Tukur, who expressed regret at signing the panel’s report, stated this in an October 7, 2020 personal letter to the Minister of Education, Mallam Adamu Adamu, and a November 10, 2020 letter to the Chief of Staff, Prof. Ibrahim Agboola Gambari.
He explained that he rather signed the report on the understanding that the matter would be referred to the Shehu of Borno as the Chancellor.
The report was acted upon by President Muhammadu Buhari, the university’s Visitor, to dissolve the Governing Council and reinstate the sacked Vice Chancellor, Prof. Oluwatoyin Ogundipe.
Tukur’s letter to Prof. Gambari reads: “As Chairman, I didn’t want to sign the Final Report, but I felt that would be a slap on the face of the government and it would generate so much bad publicity in the public domain, that I would rather sign on the understanding that the matter would be referred to the Shehu of Borno, as the Chancellor.
“As it stands now, I feel I was made a fool of and stabbed on the back by people I trusted. Furthermore, it will be impossible for any Council to manage a university in this country, if the recommendations of the panel are implemented in a Whitepaper.”
He also told Gambari that he felt he “was made a fool of and stabbed on the back by people I trusted.”
He told Prof Gambari that as soon as the panel was inaugurated, he secured the mandate of the Federal Ministry of Education to bring in the Chancellor to mediate in the UNILAG crisis and that the “Final recommendation of the panel was that the matter should be referred back to the Chancellor, irrespective of what the panel recommended.”
“As chairman, I didn’t want to sign the Final Report but I felt that would be a slap on the face of the government and it would generate so much bad publicity in the public domain , that I would rather sign on the understanding that the matter would be referred to the Shehu of Borno as the Chancellor.”
He added that “It will be impossible for any Council to manage a university in this country if the recommendations of the panel are implemented in a Whitepaper.”
He complained that “A Whitepaper based on the report submitted by the panel and neglecting the final recommendation of referring will raise many questions.”
Prof. Saad had also in a letter to the Minister of Education, Mallam Adamu Adamu, casted doubt on the integrity of the report submitted by the panel on Thursday, 17th September, 2020.
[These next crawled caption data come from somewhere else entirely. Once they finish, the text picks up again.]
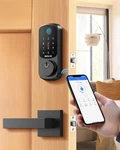 Desloc B200 Fingerprint Smart Lock With Lever Handles, Keyless Entry Black. Fixed Price $174.61.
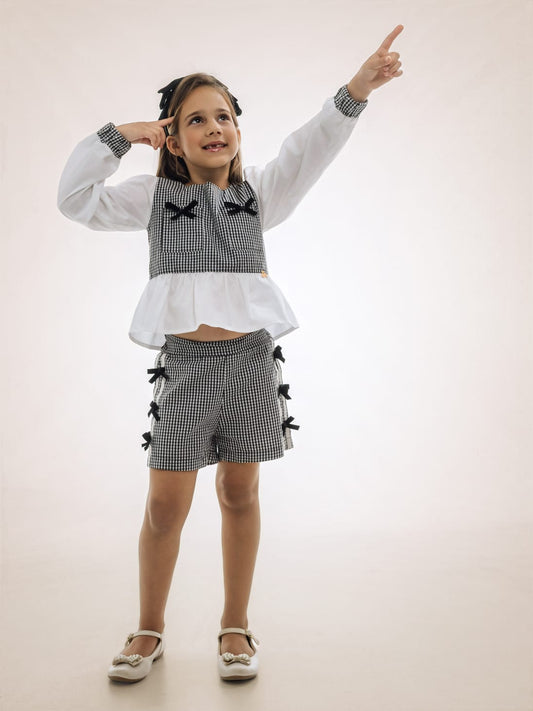 Conjunto Infantil Xadrez Preto Buá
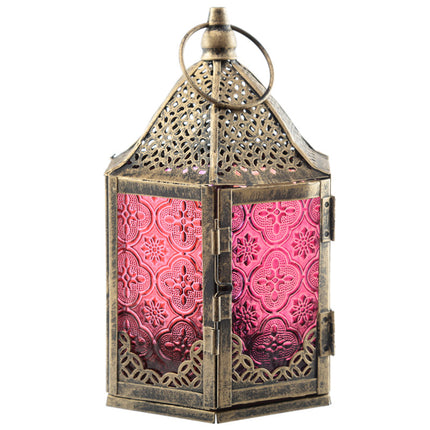Lantaarn Metaal Glas 6 Zijden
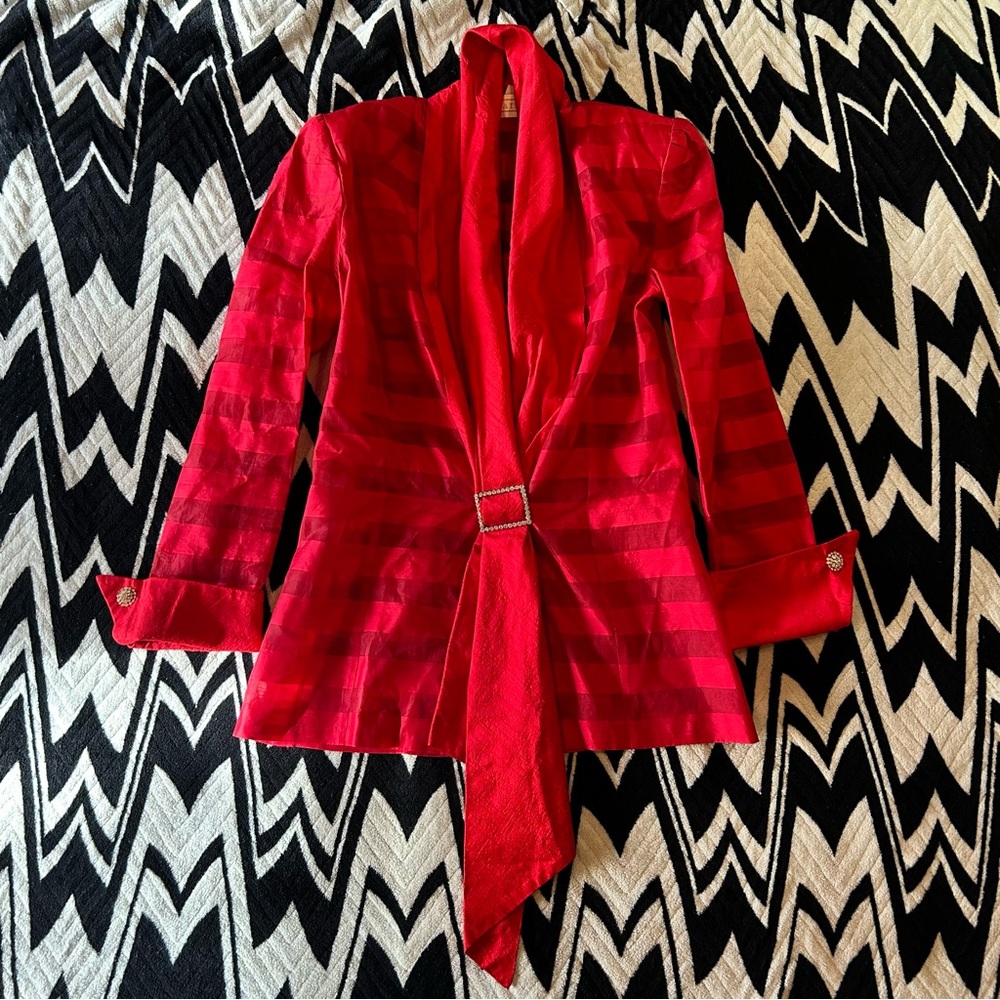 Pol' Atteu Vintage 90s Jacket - Red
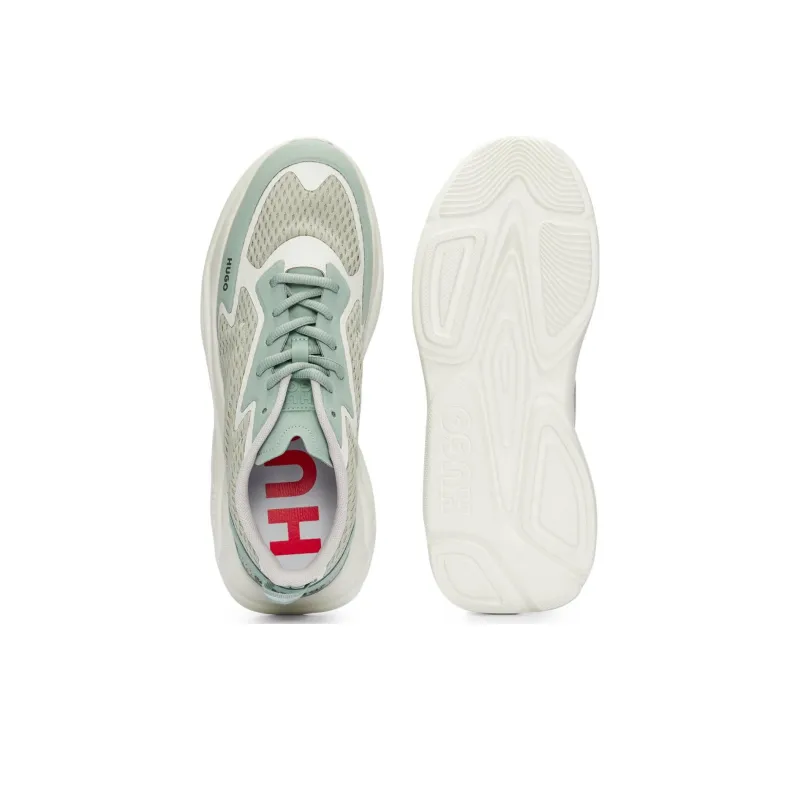 HUGO BOSS Breathable Low Top Casual Shoes Men's Turquoises-4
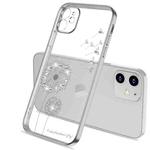 For iPhone 11 Pro Max Ultra-thin Electroplating Dandelion Pattern Protective Case (Silver)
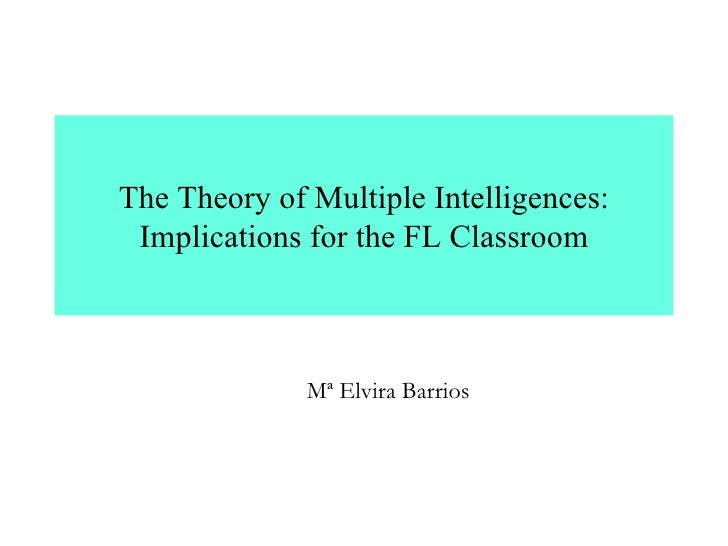 Multiple intelligences curriculum implications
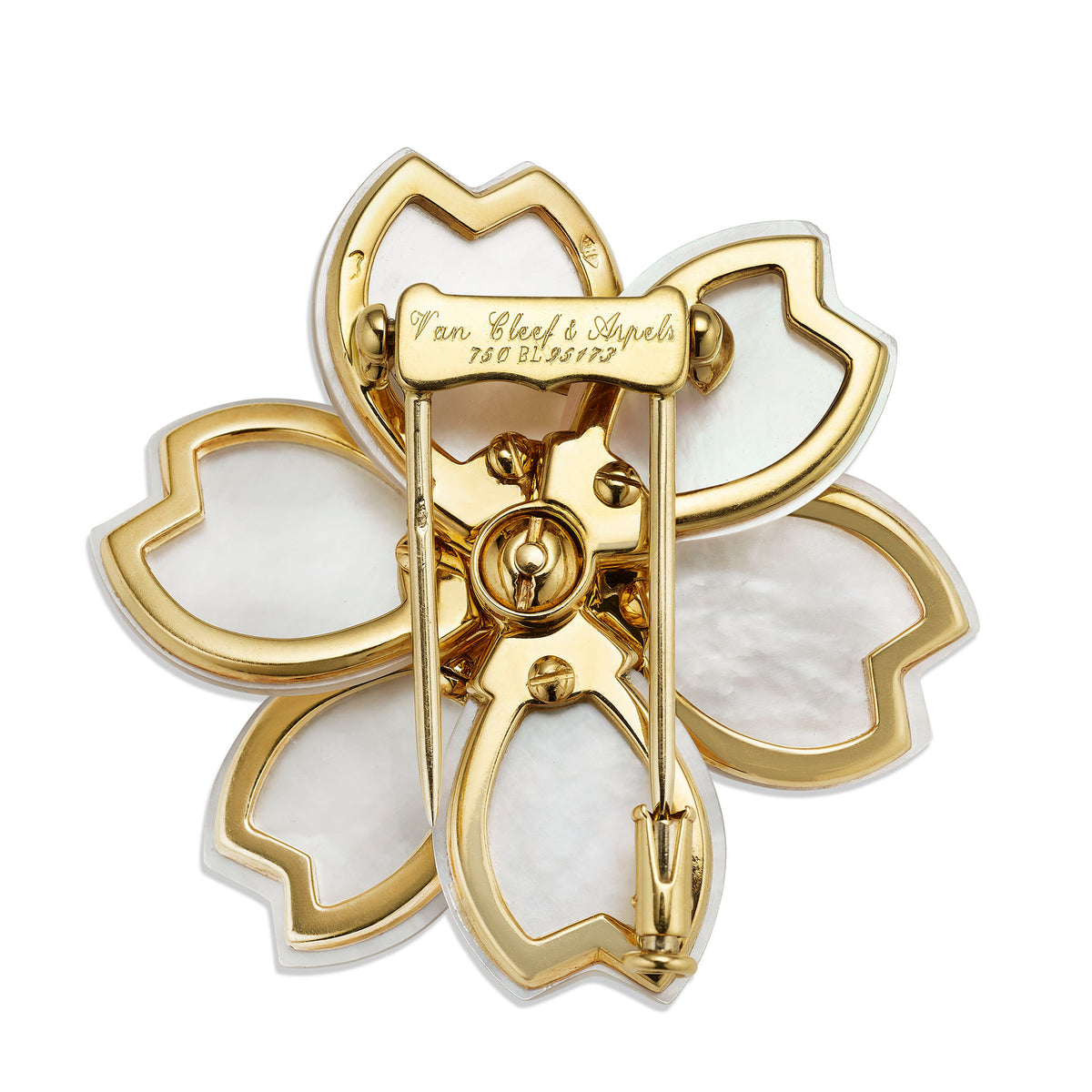 Macklowe Gallery Van Cleef & Arpels Paris "Rose de Noël" Brooch
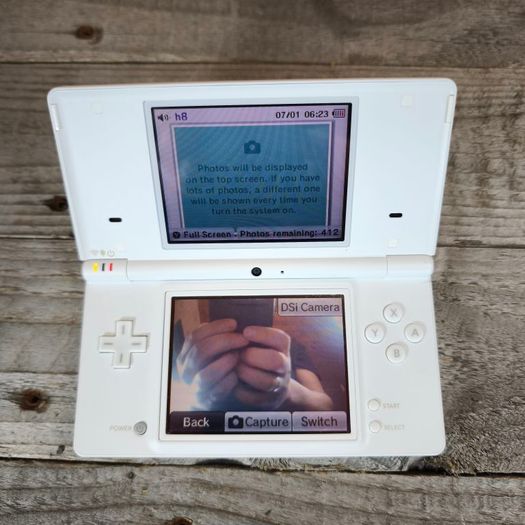 Nintendo DSi Arctic White Console with New USB Charger, 3 Great Games ,Clean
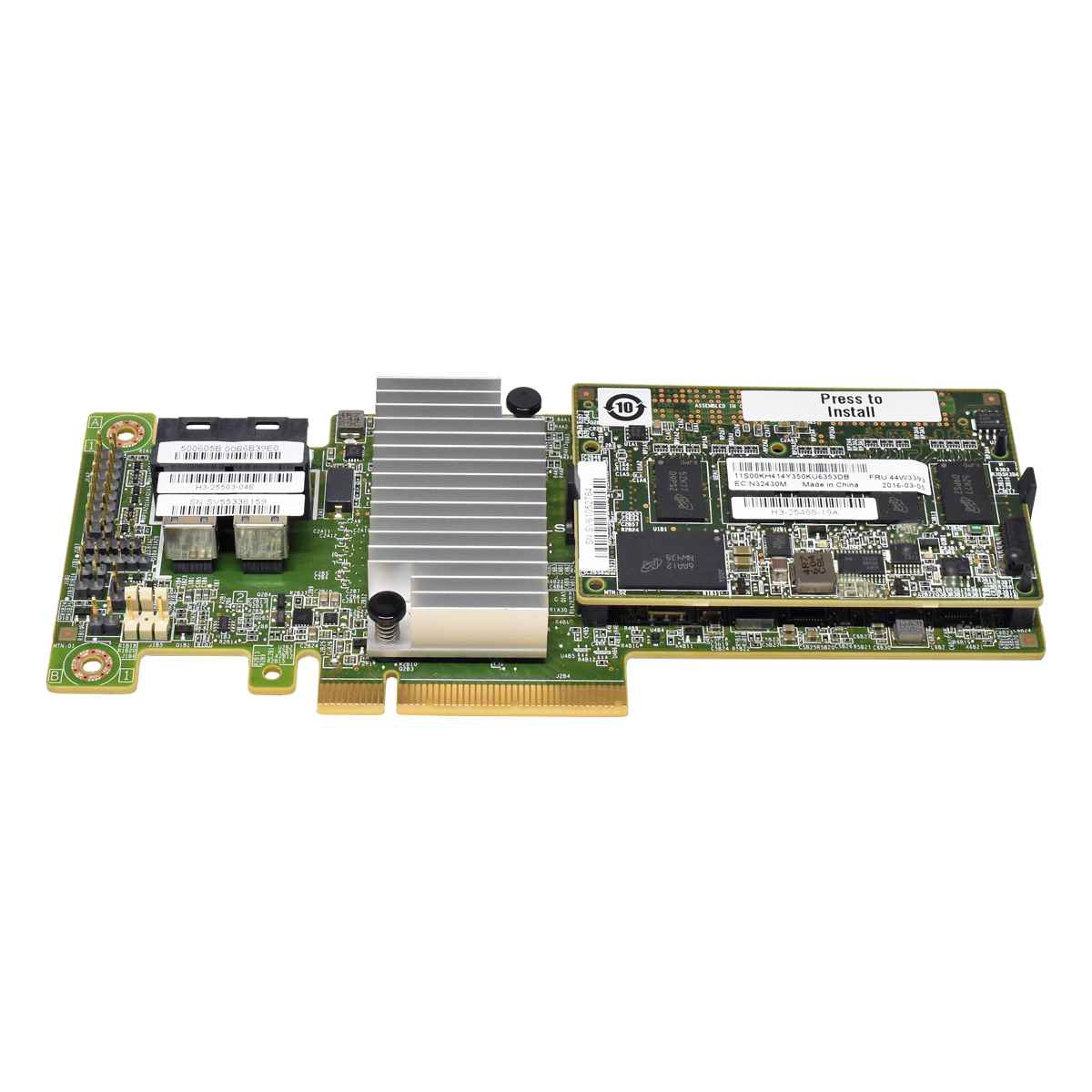 IBM ServeRAID M5210 12 Gb 1GB Cache RAID Controller 46C9111 44W3393 H3-25503-04E w/o Bracket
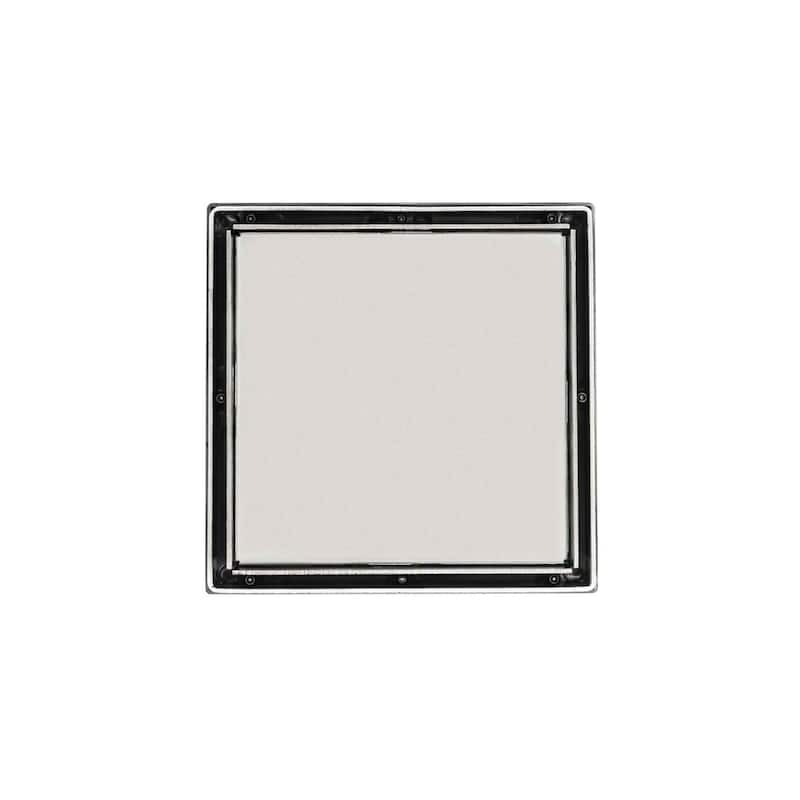 Infinity Drain LTD 5 Tile Drain Kit - Satin Stainless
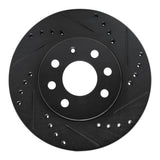 R1 Concepts 99-99 Daewoo Nubira Front Right Drilled & Slotted Black Brake Rotor by R1 Concepts RNC-633-18004R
In the letter dated 7 October, 2020 entitled: “Re: Submission of Report of the Visitation Panel on the University of Lagos Crisis to Honourable Minister” he said the panel report was one-sided because majority of the members were biased in support of Professor Oluwatoyin Ogundipe while the Terms of Reference (ToR) were also skewed against Dr. Wale Babalakin (SAN).
He told the minister that “when you read the Report you will notice that it was very one-sided, so to speak, the option was for the chairman to refuse to sign the report and that would have been a slap on the government’s face. In any case, the issue is not that the report was false but it contained half truth in order to protect one party and magnified the facts from the other party by pushing the blame to one side, omitting what could have balanced the report.”
He stressed that “In case you may like to read between the lines on some of the recommendations as they affect the Management, especially, the Vice Chancellor.
“As far as the majority of the team was concerned they would like to save the VC’s who was presented as a victim, having been sacked by the Council and no effort was spared in minimising his faults.”
On the issue of splitting contracts so that the figures would be within his approval limits, the letter reads part: “In the renovation of his house and that of some Principal officers the evidence was
clear, one Contractor would be given four contracts on the same project on the same day each package to be within VCs approval limit.
“A number of such cases were evident, but the only way the Chairman could get that in the report was to compromise by rendering such as “Contracts were packaged in a way that bordered on contract splitting, in order to keep them within approval limits.”
He said, the recommendation was VC should be cautioned against contract splitting, he, however, noted that “this was enough for Government to reject this recommendation and subject the culprit to the consequences.”
On the issue of frivolous expenditure at the expense of the core mandate of the University, teaching and research, within the period in question VC and his cronies undertook 75 external trips costing hundreds of millions of Naira, while the total annual DTLC of all the Departments of the University was just N35 million per annum.
Again the recommendation was that the money they took for local travel while on overseas trips should be refunded by beneficiaries.
“While the VC got approval for his own trips from Chairman, he, in turn, approved all the others which Council was never aware.
“Again Chairman of panel could not obtain a consensus on how to handle this. So it was left to Government. On the accusation of Management hiding the financial status of the University from Council, the Bursar disclosed that he only presented Budget Performance to the F&GPC not the whole Treasury content. Apparently some almost N10 billion was never visible to the Council, yet interested parties in the panel harassed him and cajoled him in to retracting his statement, swearing that they have seen reports tocouncil that contained such information,” he added.